Enfin, à l’arrêt des charges de minerai, la masse ne descend pas significativement, témoignant ainsi d’un « blocage ».

 Ce phénomène est lié au charbon de bois : celui que nous avons acheté pour cette expérimentation s’est avéré très friable et avoir une tendance à s’émietter.

On obtient alors ici une maille, une porosité de colonne amoindrie, empêchant ainsi la bonne combustion au sein de la colonne.

D’où une descente des charges plus lentes, d’où moins de minerai passé à durée égale.

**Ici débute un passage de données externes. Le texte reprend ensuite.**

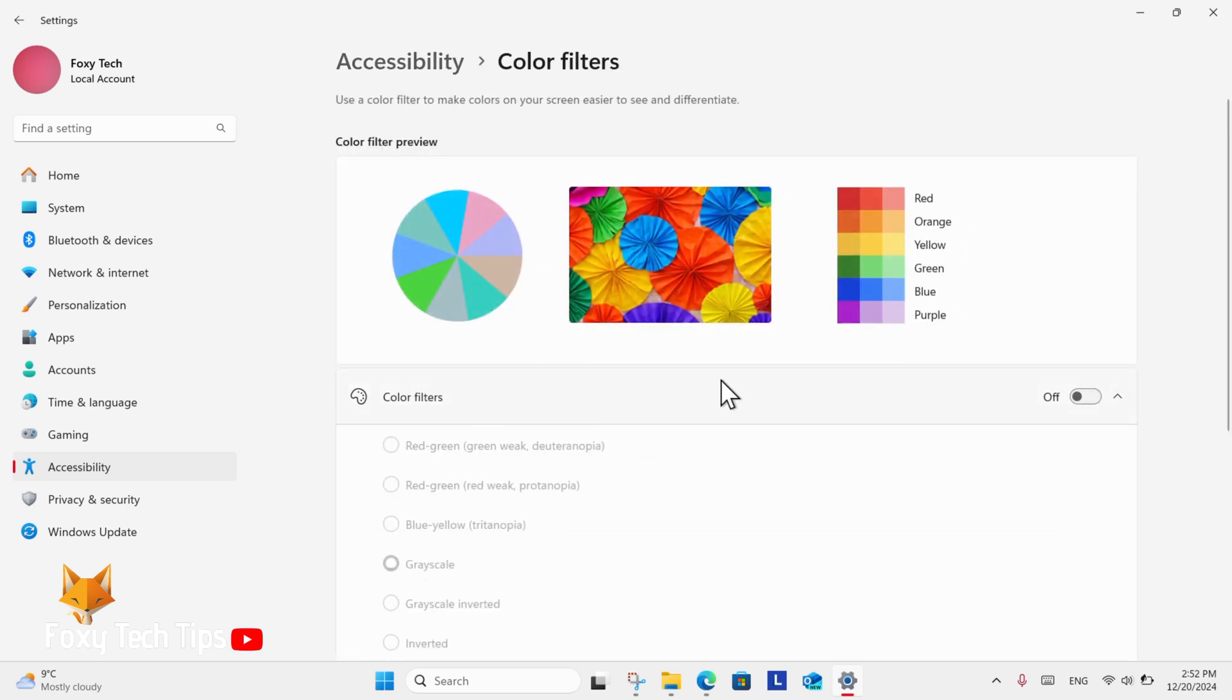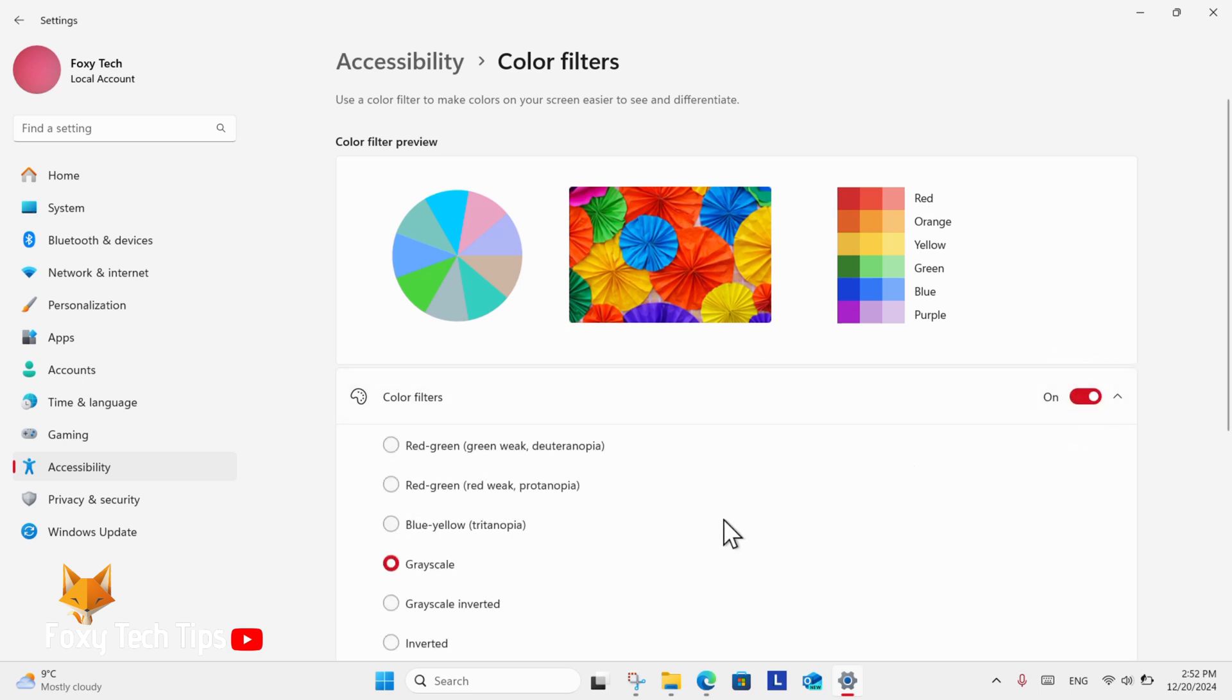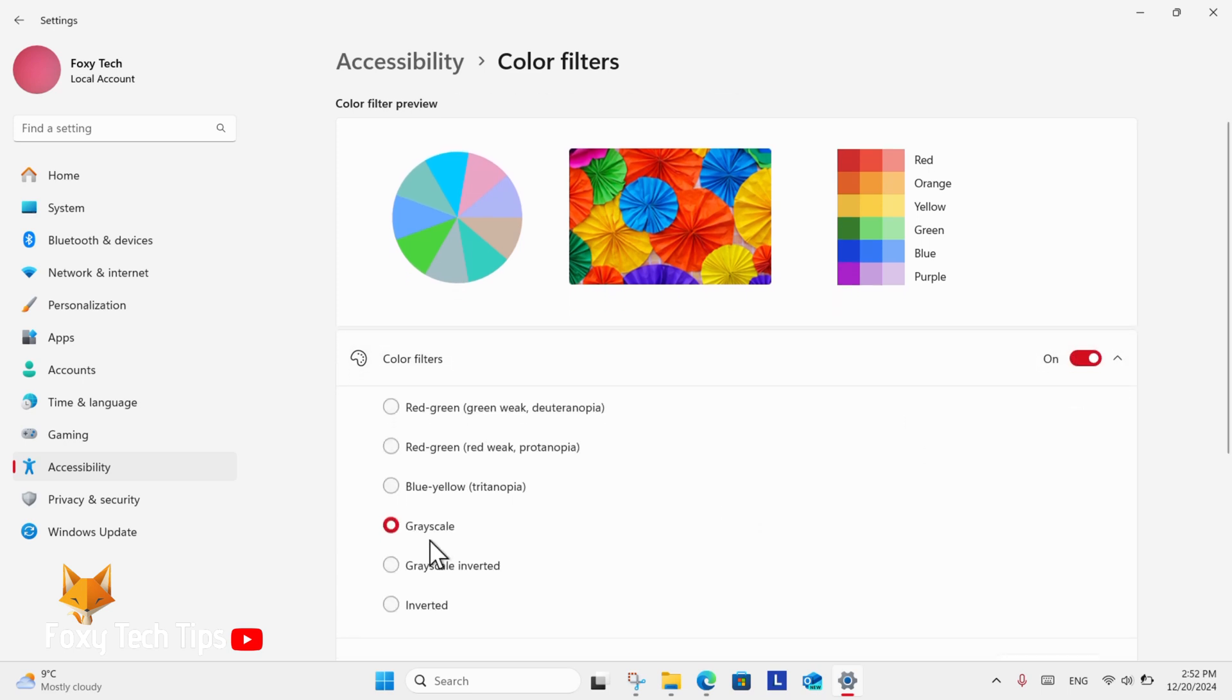Here, enable the toggle to turn color filters on. Once you've done that, you can then select the grayscale filter and it will apply to your screen. You can come back here to turn it off.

D’autres incidents apparaissent également sur le graphique :

  • La sonde 5, à 30 cm au dessus de la tuyère montre des oscillations indiquant son contact avec des impuretés ou la présence de masques thermiques.
  • La sonde 8, au dessus de la porte du fourneau, 30 cm au dessus du niveau de la tuyère, montre une rupture à partir de 16h10, incident fréquent dans un milieu chimiquement et thermiquement très agressif.
  • La sonde 10, 60 cm au dessus de la tuyère, montre de fortes oscillations qu’il faut sans doute lier à des problèmes de descente de la colonne de charbon. Il suffit d’un élément de charbon contre la sonde pour perturber sa lecture de température, comme un masque ou un isolant.
  • Si nous comparons le comportement de cette sonde avec les charges de minerai et de charbon, on constate qu’elles sont également irrégulières, autre témoignage d’une anomalie interne.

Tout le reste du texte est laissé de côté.